Taking Your Company Public
For the small to medium range company without the experience or expertise, the concept of taking the enterprise to the public market is often considered the ultimate corporate success. This goal is often re-reinforced by certain capital investors which view an initial public offering (“IPO”) 5-7 years “down the road” in the investment cycle as a means to achieve their economic goals on return as well as a convenient exit strategy-
For the owners of a private firm, it is suggested that the expected benefits from an IPO strategy should be carefully and objectively weighed, since the dream and reality can often be two entirely different things. Firms may go public for any number of reasons, but the common elements tend to be cash and/or additional leverage opportunities. There are accordingly two separate issues – (1) do the expected benefits of an IPO outweigh any disadvantages; and (2) is success from an IPO that clear and is there exit strategy for any downside possibilities?
There are various alternatives to an IPO if cash and stable financing are the only issues. The real issue is how much new responsibility is the company prepared to assume for its expectations. For example, the entire preparation and process for an IPO (i.e., time and costs for professional assistance, internal company support, and underwriting) is substantial, as well as the on-going compliance with regulatory and new stockholder requirements. Investor relations will take on a whole new and far broader meaning, both in terms of time and money.
Once the IPO step has been taken, the company’s options may in fact be become more limited. Unless the company is thereafter successful, “going back to the well” may not be either feasible or available. Reversing the public ownership process may be either difficult or impossible.
For example, many firms in the bio-industry were selling in the $50 a share range not long ago, and currently are down under $10. The public markets tend to have a rather short term focus and success of an IPO and its value longevity may be based on factors even unrelated to the particular company’s results or future products.
The above areas are noted solely to emphasize the need for the private firm to objectively investigate all available options, weighing the costs versus benefits across the entire spectrum, with the input of experienced and trained professionals. Certainly, if the owner is seeking an exit strategy as well, an IPO may be a very successful option. if the owner seeks to manage and/or be a part of the “bigger picture”, then the issue may be entirely different.

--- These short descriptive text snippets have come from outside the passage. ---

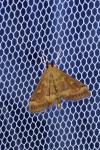 Ostrinia nubilalis/scapulalis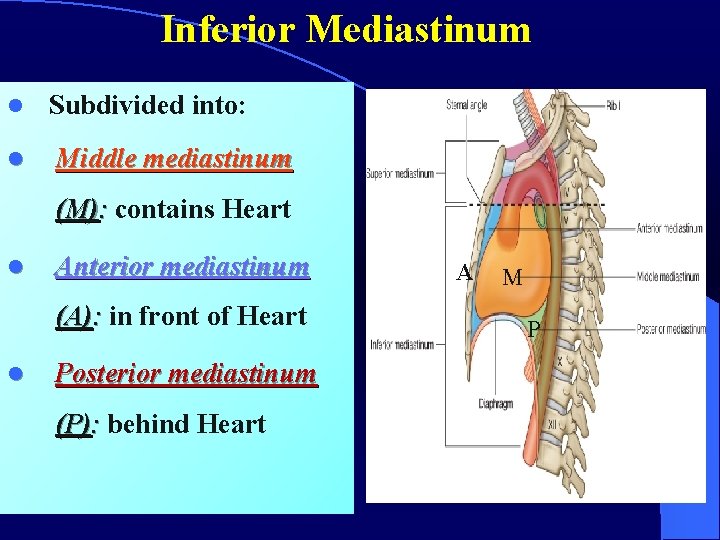 Inferior Mediastinum l Subdivided into: l Middle mediastinum (M): contains Heart l Anterior mediastinum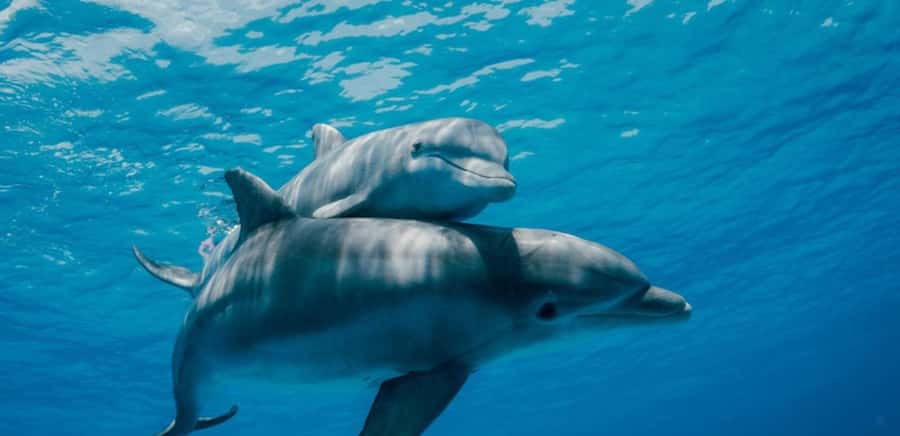 FROM NUNGWI; MNEMBA SNORKELING AND DOLPHIN TOUR - Dolphin watching in open water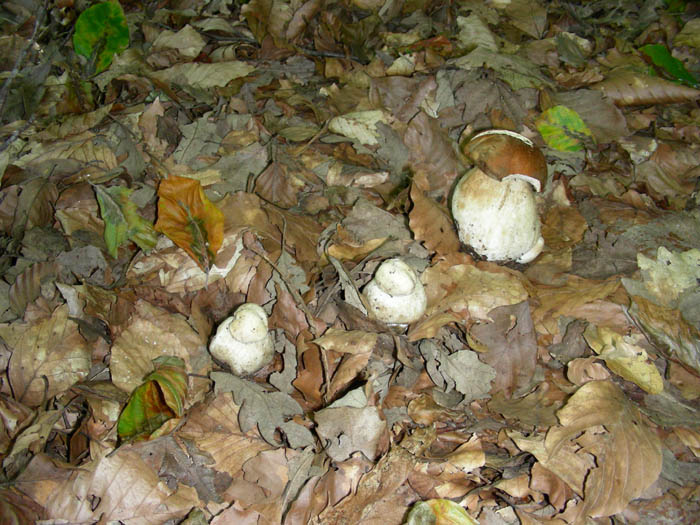 escursione oggi 25.9.09.solo micro funghi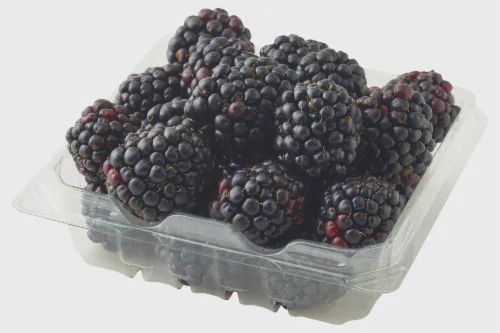 Organic Blackberries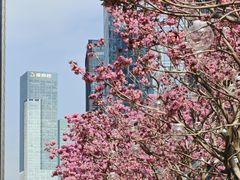 -深圳湾万象城(南山店)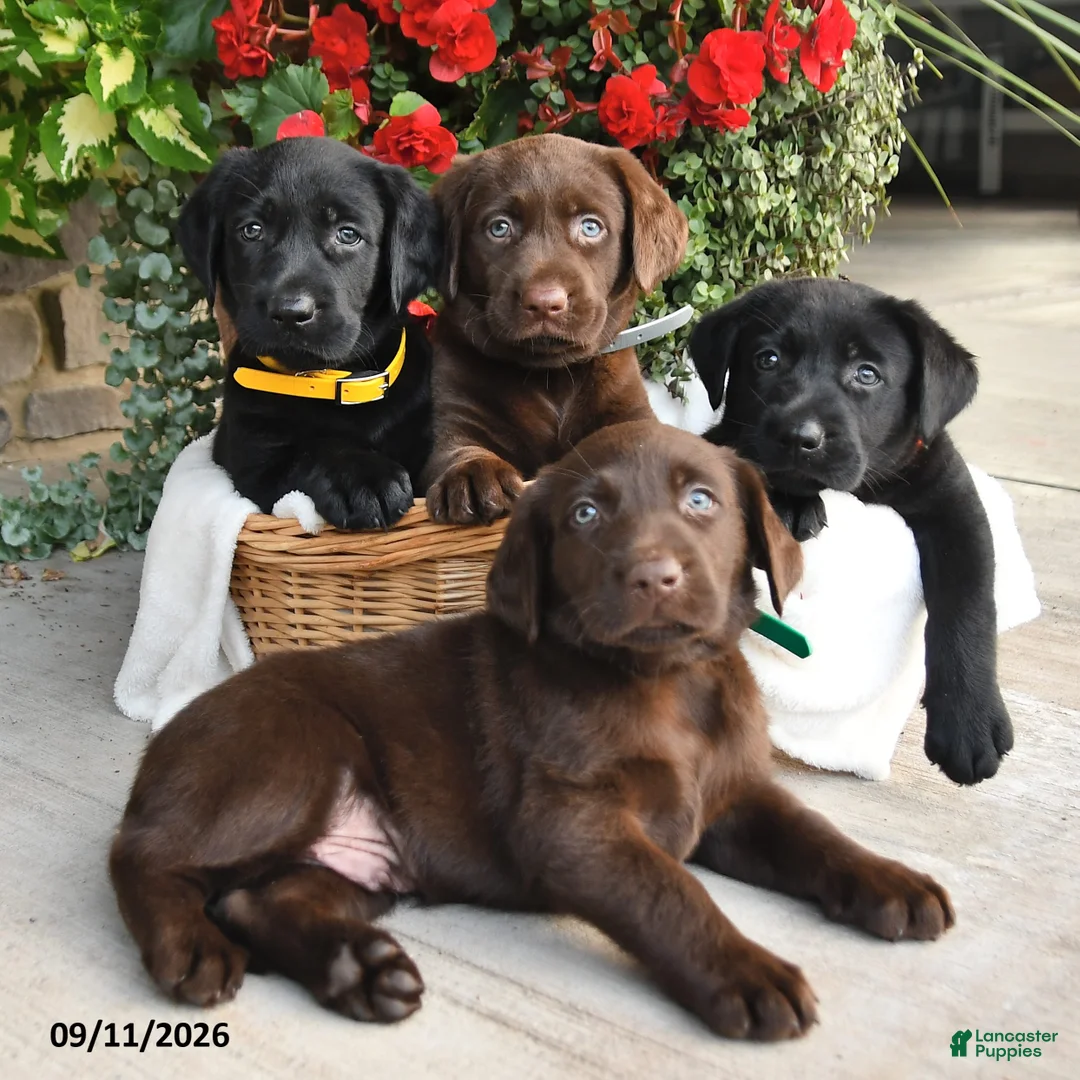 Labrador Retriever dogs for sale: Paige - Ad 5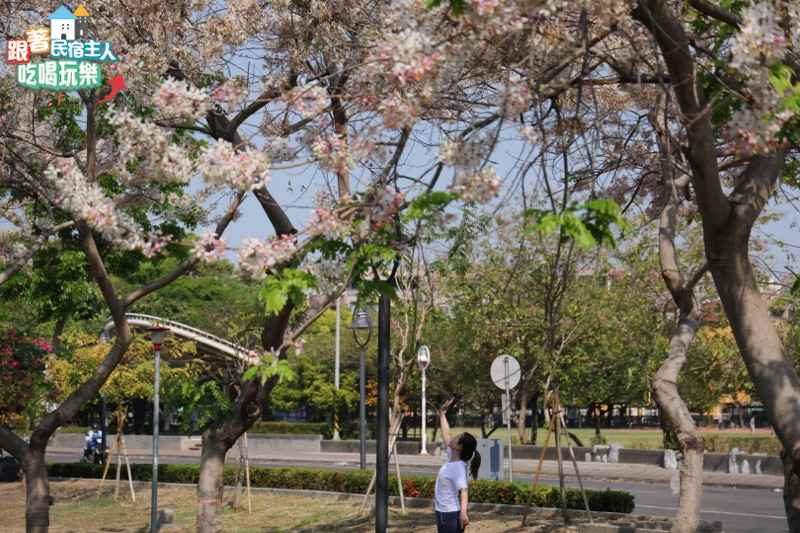 屏東網美必訪！潮州花旗木｜YouBike潮州旅遊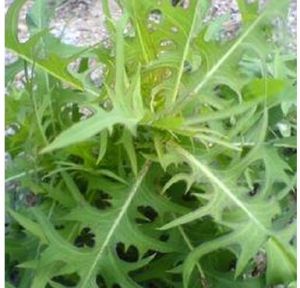 浙江扁莎 浙江扁莎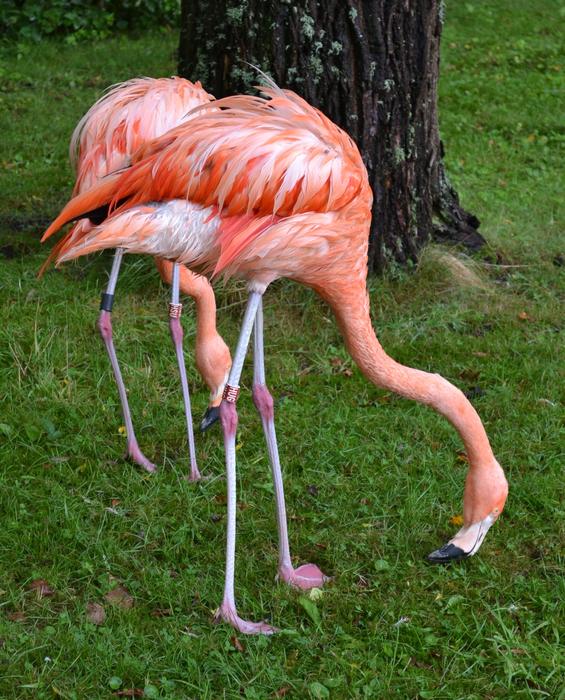 American Flamingo pink bird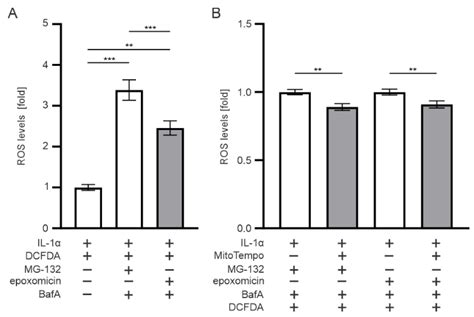 Epoxomicin, a Selective Proteasome Inhibitor, Activates AIM2 ...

One alternative to the IPO approach is “strategic partnering”. Although it can be fashioned in number of forms to suit the venture and the players, at its essence, it is the partnering with one or more investor companies, which in addition to cash, typically brings valuable industry expertise, resources, and/or bargaining power to the enterprise. The investment decision, unlike the public market, is usually not driven by “internal rate of return” expectations on the cash invested. Rather, the investment view tends to be long-term in nature and predicated on product market share considerations/expectations.
Strategic partnering opportunities may be more difficult to obtain, but then the potential benefits of remaining private with “deep pockets” and/or significant resources support may indeed make it worth the effort. Large companies are usually not known for innovation, quick and creative answers/solutions to product/service market needs. Large companies do typically have significant cash and very effective sales and distribution resources. To that end, one should seek partnering relationships with companies that understand your specific company business and can benefit from the arrangement on a long term basis.
Strategic partnering can be a very flexible arrangement, custom fitted for the parties and their needs. Once the arrangement has been established, the relationships need to be well structured, clearly delineating the rights and responsibilities of each party. As in any transaction, all parties must be comfortable with and trust the relationship to ensure the benefits to each as originally envisioned.
Successful partnering can as well provide more flexibility in obtaining additional outside financing, both public and private, as well as better rates, terms, and conditions. Even the public market option may still be available.
It must be noted that almost 95% of all companies $10 million to $100 million in revenues never go public. As well, there are many large companies which are not, and would not consider the public market for financing, a notable local example being M&M Mars in McLean, Virginia (multi-billion dollar enterprise).
If your firm is approaching or at the critical stage for determining and acquiring significant capital for firm expansion or increased market share, this overview may be of immediate benefit. The key, as in any good business decision, is professional input on the available options, objective evaluation, and aggressive implementation. Strategic partnering is one of those options with a proven and very effective means to achieve a wide range of management and investment goals.